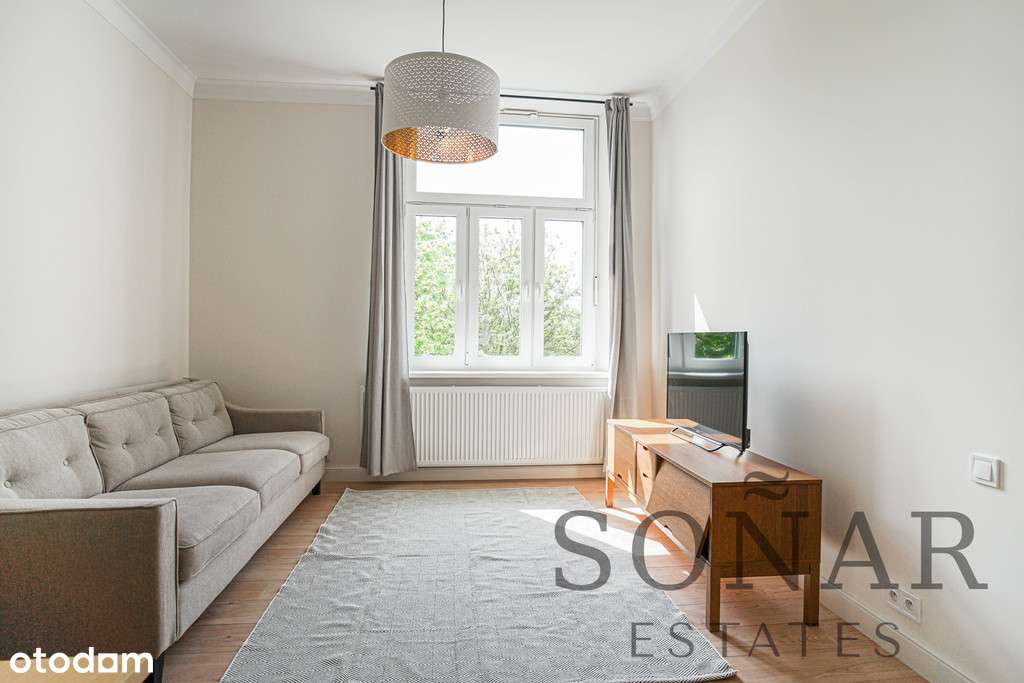 2 pok. mieszkanie blisko Wawelu | Kazimierz - Pełny obrazek: 3/12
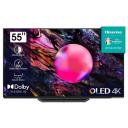 Телевизор HISENSE 55A85K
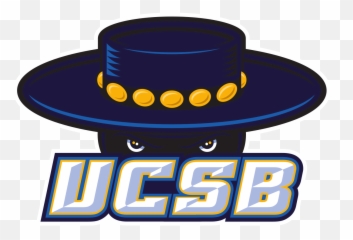 Download Uc Santa Barbara Gauchos Wikipedia Washington - University Of California Santa Barbara Logo Png,Washington Nationals Logo Png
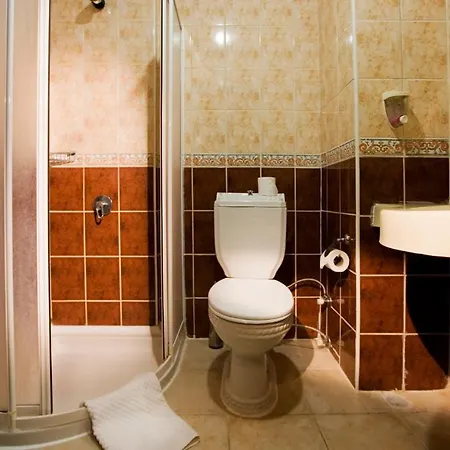 Otel Larissa Park Kemer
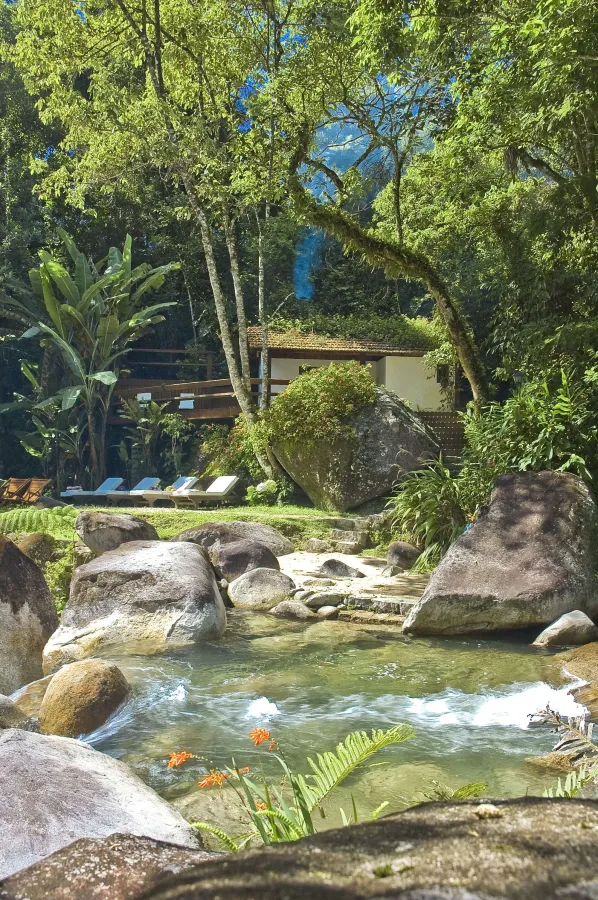 Pousada Casa Bonita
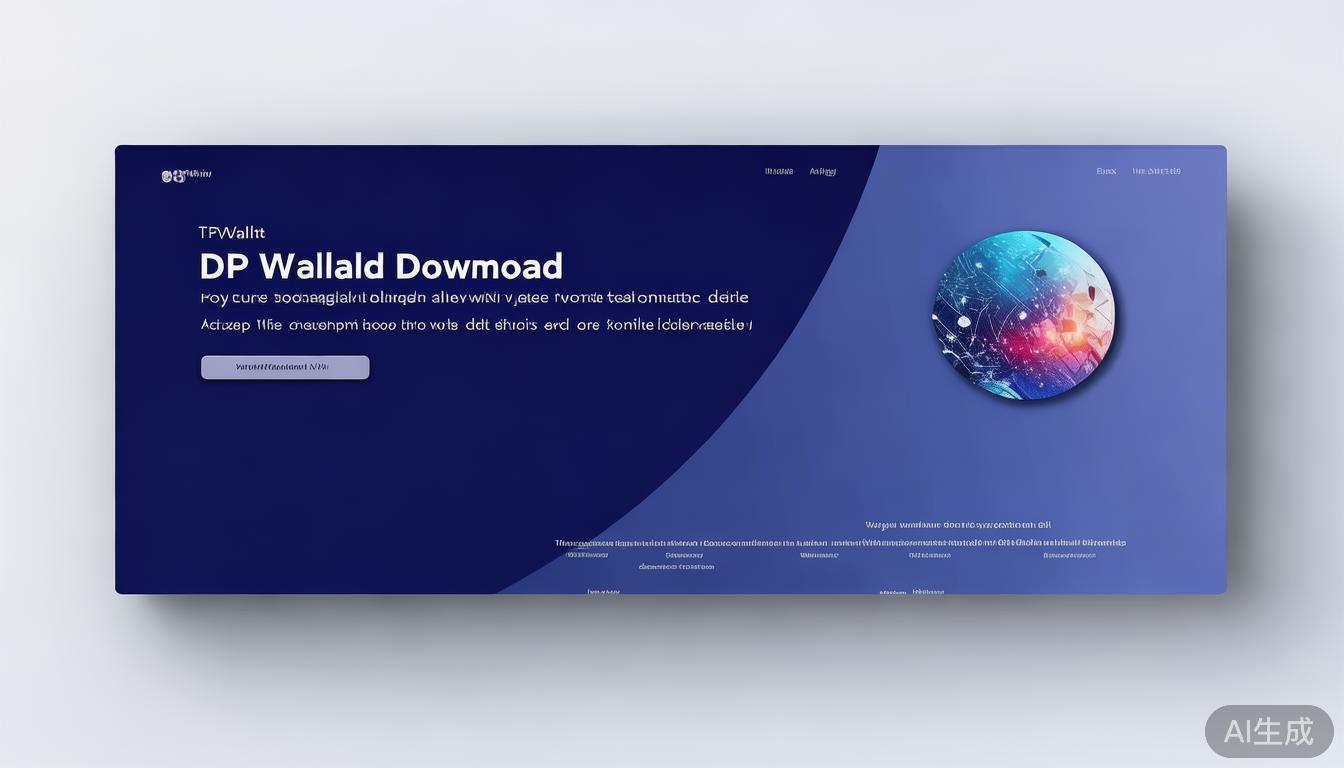 TPWallet官网下载全攻略：安卓与iOS用户如何轻松安装，畅享数字资产管理新体验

#####

THE TASK - From the first line to the last, copy the listing above exactly and leave out the images.

EXERCISE OUTPUT -
 2 pok. mieszkanie blisko Wawelu | Kazimierz - Pełny obrazek: 3/12
 Телевизор HISENSE 55A85K
 Download Uc Santa Barbara Gauchos Wikipedia Washington - University Of California Santa Barbara Logo Png,Washington Nationals Logo Png
 Otel Larissa Park Kemer
 Pousada Casa Bonita
 TPWallet官网下载全攻略：安卓与iOS用户如何轻松安装，畅享数字资产管理新体验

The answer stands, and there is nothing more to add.